Pré-visualização gratuita Capítulo 1 — O Retorno
O galpão estava praticamente vazio quando os primeiros carros começaram a chegar.
Um depois do outro.
Sem sirenes.
Sem chamar atenção.
Sem placas que pudessem ser facilmente identificadas.
A antiga equipe estava voltando a se reunir.
Derrick foi o primeiro a sair do carro. Alto, forte, musculoso, cabeça raspada e uma expressão que parecia avisar ao mundo inteiro que ele não estava ali para brincar. Usava uma camiseta escura apertada nos braços, calça jeans, botas pesadas e um cordão grosso de prata no pescoço.
Raul apareceu logo depois.
Camisa social escura, mangas dobradas até os antebraços, calça preta e relógio no pulso. Era o mais discreto na aparência, mas carregava aquele olhar de ex-agente que parecia analisar tudo ao redor antes mesmo de dar o primeiro passo.
Dragon saiu de um carro preto.
O cabelo escuro, comprido e cacheado caía até os ombros. As laterais estavam discretamente aparadas, e alguns fios estavam presos para trás. Usava camiseta preta, calça cargo e tênis. Os olhos percorriam o galpão como se estivesse decorando cada câmera, porta e possível rota de fuga.
Felipe chegou fazendo barulho.
— Se essa merda toda for uma armadilha, eu quero deixar registrado que fui obrigado a vir.
Chacal olhou para ele.
— Ninguém te obrigou.
— A recompensa foi praticamente uma ameaça.
— Vinte milhões não são ameaça.
— Para mim são.
Chacal soltou uma risada curta.
O homem era enorme, ruivo, com barba bem cuidada e olhos atentos. Vestia uma camiseta clara, calça escura e botas. O antigo militar tinha aquela postura que fazia qualquer um perceber que ele estava acostumado a estar armado.
Look foi o próximo.
Silêncio.
Ele simplesmente desceu do carro.
Alto demais.
Largo demais.
Tranças longas caindo pelas costas, laterais da cabeça raspadas e uma expressão tão fechada que Felipe imediatamente comentou:
— Aí. Chegou o homem que assusta até boleto.

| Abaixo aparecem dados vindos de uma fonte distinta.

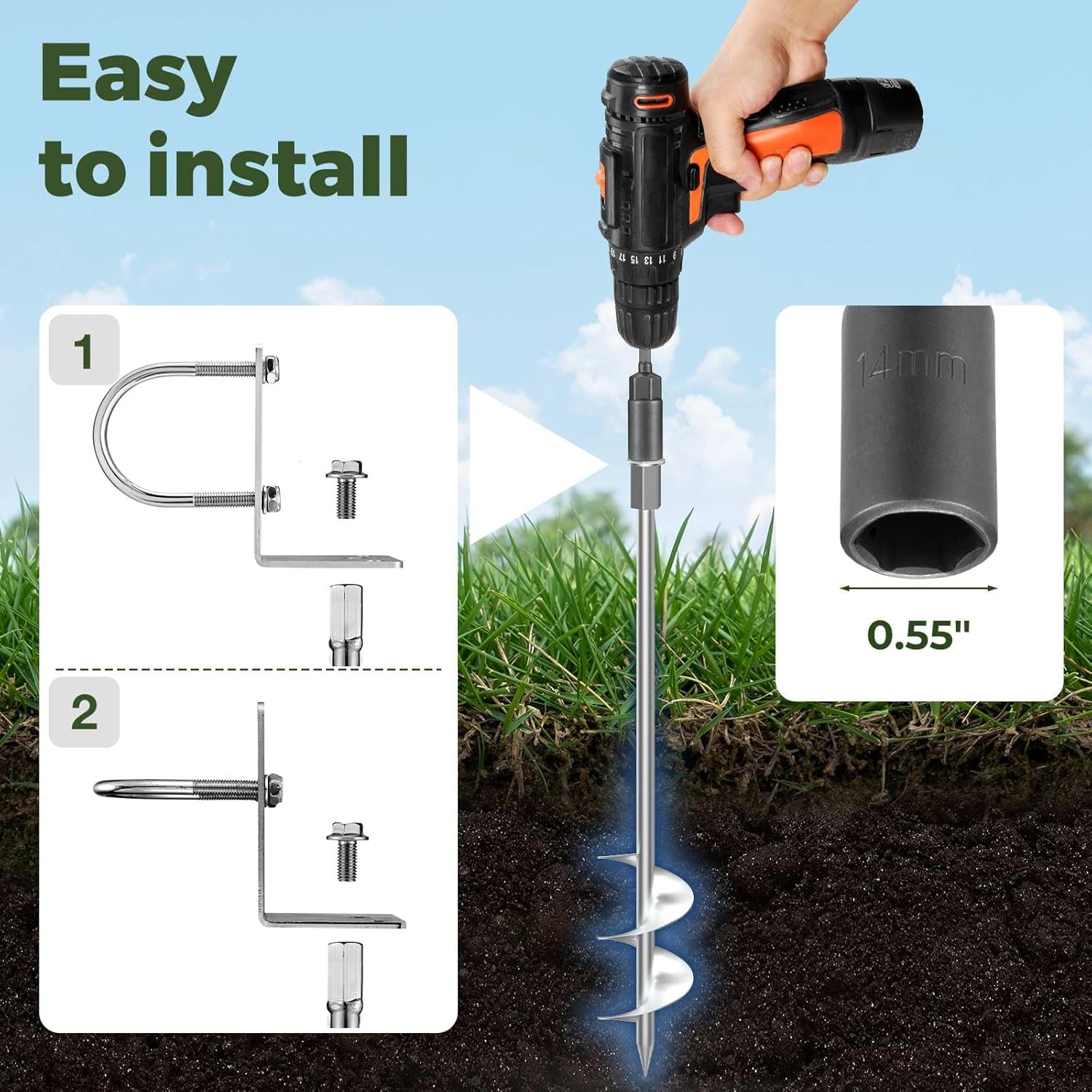 Kingsyard Trampoline Stakes, 20 Total Length Set of 4 Multi-Purpose Ground Anchors Heavy Duty, 3 Wider Spiral Mobile Home Anchors, Shed Anchor Kit for Swing Sets, Carports Kingsyard Trampoline Stakes, 20 Total Length Set of 4 Multi-Purpose Ground Anchors Heavy Duty, 3 Wider Spiral Mobile Home Anchors, Shed Anchor Kit for Swing Sets, Carports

Look lançou um olhar para ele.
— Quer apanhar?
— Não.
— Então cala a boca.
— Tá vendo? É por isso que eu digo.
Dragon riu.
Por último, Tejir apareceu com uma mochila nas costas, óculos escuros e uma expressão tranquila demais para alguém que provavelmente já tinha invadido meia dúzia de sistemas antes mesmo de chegar.
— Câmeras externas estão limpas — informou.
Raul arqueou uma sobrancelha.
— Você acabou de chegar.
— E?
— Você é doente.
— Obrigado.
Os sete ficaram espalhados pelo galpão.
E então ouviram o som de um carro chegando.
O ambiente mudou.
Derrick parou de falar.
Raul virou o rosto.
Dragon tirou os olhos do computador.
Felipe ficou quieto.
Chacal cruzou os braços.
Look simplesmente congelou.
Tejir levantou a cabeça.
A porta do carro se abriu.
E Stella apareceu.
Cabelos pretos, lisos e soltos caindo pelas costas.
Pele clara.
Olhos cor de mel.
Corpo magro, definido e impecável.
Calça de couro preta.
Bota.
Cropped escuro deixando a barriga à mostra.
Jaqueta de couro por cima.
Alguns acessórios prateados completavam o visual.
Ela fechou a porta do carro com calma.
Colocou os óculos escuros sobre a cabeça.
E olhou para os sete.
Um sorriso apareceu.
— Tudo bom, rapazes?
Silêncio.
Stella quase riu.
Derrick foi o primeiro a falar.
— Um ano.
Ela inclinou a cabeça.
— Hm?
— Um ano que a gente não sabe absolutamente nada de você.
Raul deu um passo à frente.
— Você simplesmente desapareceu.
— Se enfiou numa toca de não sei onde — completou Felipe.
Stella soltou uma risadinha.
— Vocês deveriam se acostumar, né?
Derrick passou a mão pela cabeça raspada, já irritado.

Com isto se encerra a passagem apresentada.